What needs to be done
The task calls for an exact retyping of the lines from the one holding "Holland Inn & Suites" through the end of the listing, with pictures omitted and nothing added.

Data

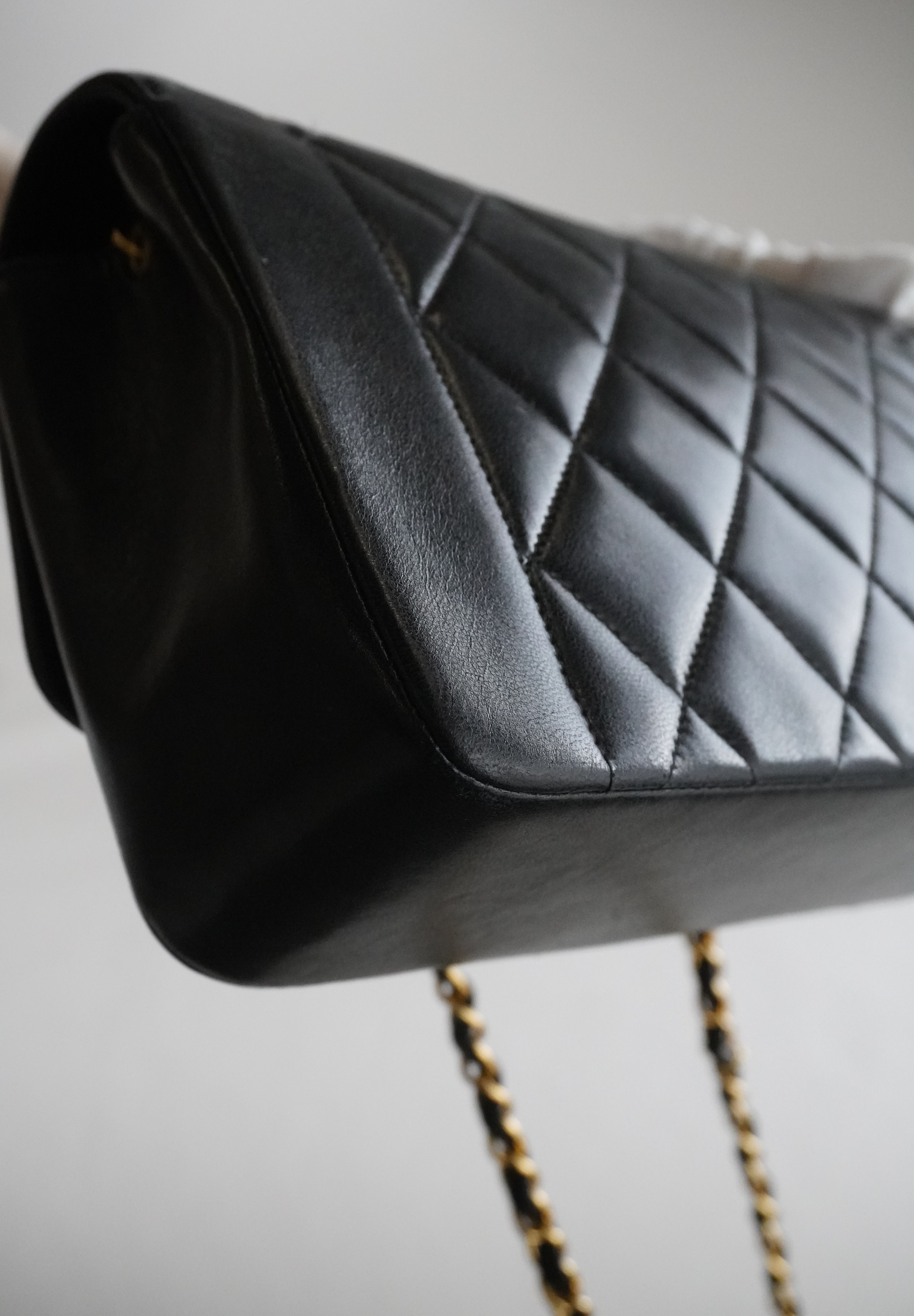 Chanel Diana Small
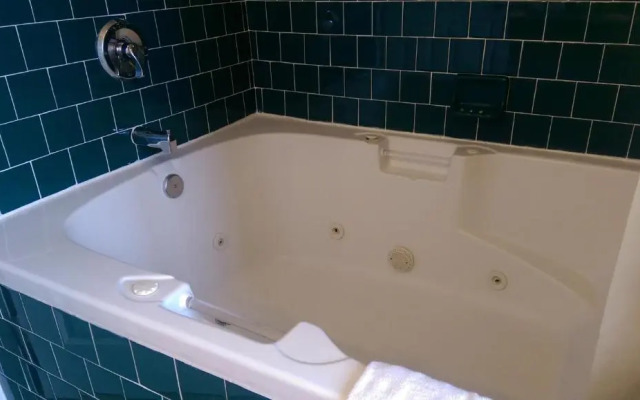 Holland Inn & Suites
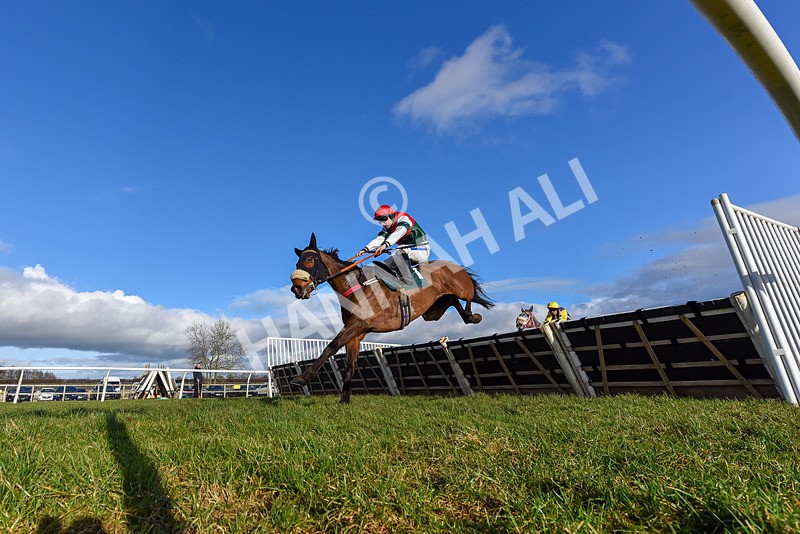 250225-Race 3-Ballyvango-0684 - Race 3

Expected output
 Holland Inn & Suites
 250225-Race 3-Ballyvango-0684 - Race 3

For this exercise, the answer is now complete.